On Tuesday (21 June), RBA governor Philip Lowe reported that so far, the 25 and 50-bp hikes over May and June have not affected most people’s mortgage payments to a great extent, as many borrowers have built up large cash buffers.

Households currently hold around $200 billion in extra savings in offset and deposit accounts, with the median borrower having a buffer of one year’s worth of mortgage repayments. Some have managed to build up buffers as long as two years’ worth.

However, APRA has recently told banks that they will need to include buy now, pay later and higher education debts when reporting debt-to-income ratios from September.

The regulator’s chair Wayne Byres told lenders it would be important to actively manage risk within their loan portfolios, in the current rising rate environment.

The council of regulators also discussed how banks have passed on RBA cash rate increases to their customers.

“Participants noted that, given the cash rate remains at a low level, there has been much less pass-through to deposit interest rates than to lending interest rates so far,” the statement said.

“It has agreed to continue to monitor pass-through closely.”

Debanking and crypto assets were the main issues at the meeting of regulators however.

As requested by the former government, agencies in the council have been preparing advice on the causes of withdrawal or refusal of banking services for certain sectors.

A working group has been examining the issue of debanking, consulting with industry and considering possible policy options.

At the council meeting, regulators spoke about how they might deal with banks’ risk aversion for certain sectors and ways to improve transparency around banking decision processes.

They are expected to deliver advice to the government in August.

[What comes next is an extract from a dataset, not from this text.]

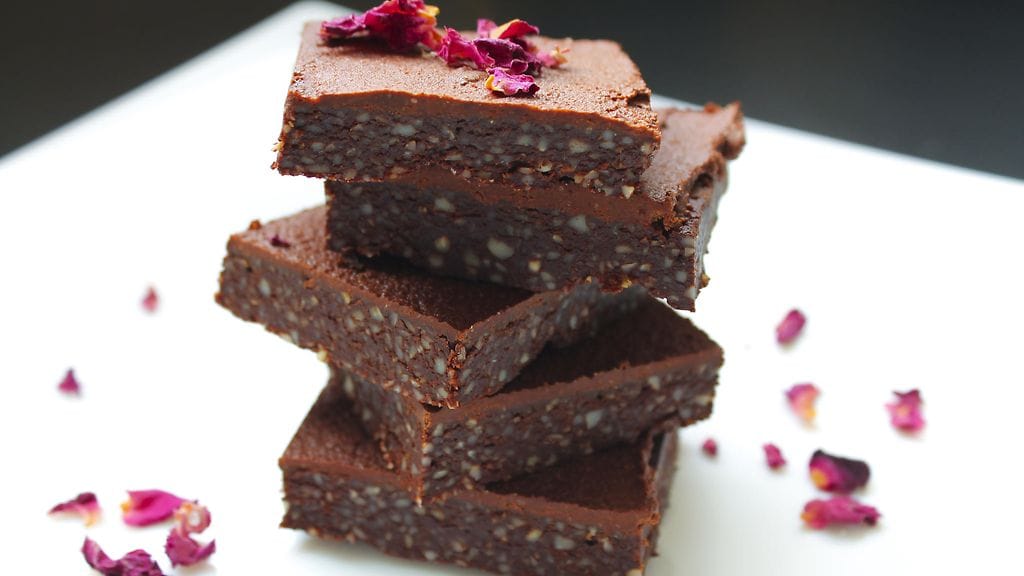 Nämä browniet ovat täysin jauhottomat ja helppo valmistaa ilman uunia.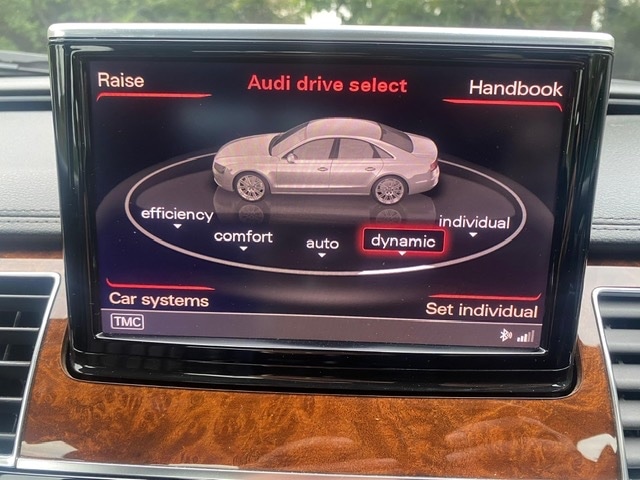 2011 Audi A8 3.0 TDI Quattro SE TIP Auto - 20'' ALLOY WHEELS - FULLY LOADED - 6 STAMPS SALOON Die...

AFCA had also been brought into the circle to present its activities and trends in financial complaints.

The complaints authority reported higher investment in internal dispute resolution, particularly among some of the large financial institutions.

There had also been a spike in complaints around crypto-asset scams and other investment scams.

On Thursday (23 June), the RBA confirmed that it had promoted head of economic analysis Bradley Jones to assistant governor (financial system), overseeing payments system and regulation.

Mr Jones had replaced Michele Bullock in the role, after she became the first female deputy governor in the RBA’s 62-year history.